After six months on the experimental diet, 28 (or 80 per cent) of the low fiber group had suffered a relapse, compared to only 17 (or 45 per cent) of the high-fibre group. Significantly, of the 15 people who ate the least amount of fiber in the study, 14 developed new ulcers (Lancet, 2 October 1982).

Myth 4: antacids help stomach ulcers In a study of patients with a gastric (stomach) ulcer — 15 of whom took an antacid and 13 a placebo — doctors found that 'the rate of healing of the ulcer and the relief of pain is not influenced by treatment with a standard antacid preparation.' In short, the study showed that antacids don't work. But doctors think they do. 'All [physicians] prescribe antacids' for stomach ulcers, wrote the doctors who conducted the study (Digestive Diseases). Every last one of them is probably wrong — and they make the same mistake when they prescribe antacids for a duodenal ulcer (an ulcer in the first part of the intestines).

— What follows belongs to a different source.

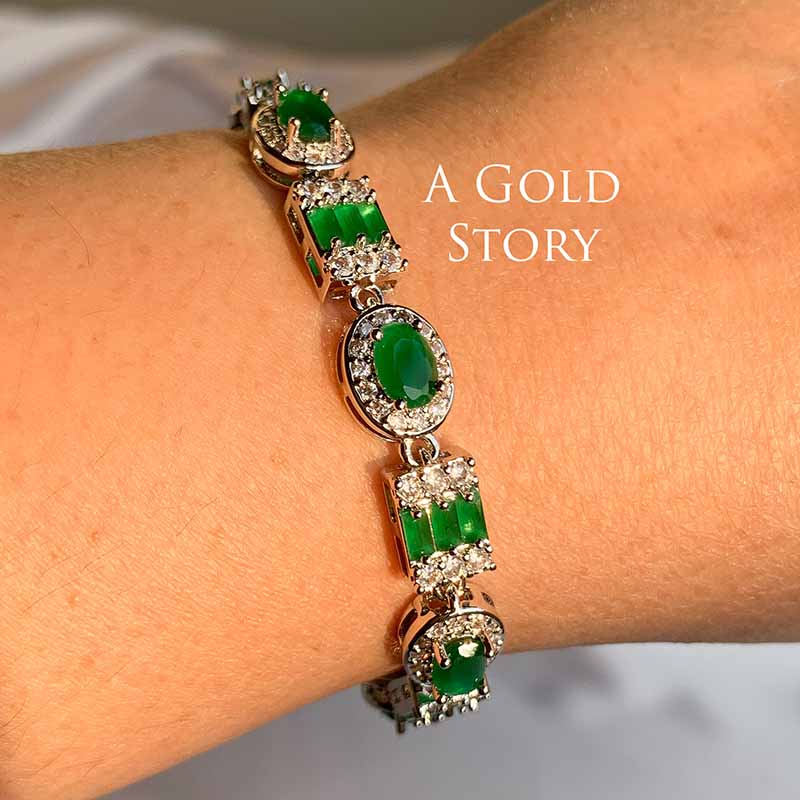 PARDAJ BRACELET GREEN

'Antacids are generally accepted as effective in the relief of pain arising from a duodenal ulcer, ' wrote a team of doctors who conducted a study to see if there was anything to this belief. There wasn't. Of the 30 patients with duodenal ulcer who took either an antacid or a placebo to relieve pain, four had more relief from the antacid and three from the placebo, while 23 thought neither was better (Gastroenterology). Once again, antacids didn't work.

Myth 5: an ulcer patient should eat six times a day This doctrine, which is still followed in many hospitals, might be the worst thing for the stomach because the stomach releases digestive acids whenever it is fed. 'Frequent feedings repeatedly stimulate gastric acid secretion, and there are no data to support the assumption that they are more beneficial in healing ulcers than three meals a day,' said the same researcher who investigated bland diets.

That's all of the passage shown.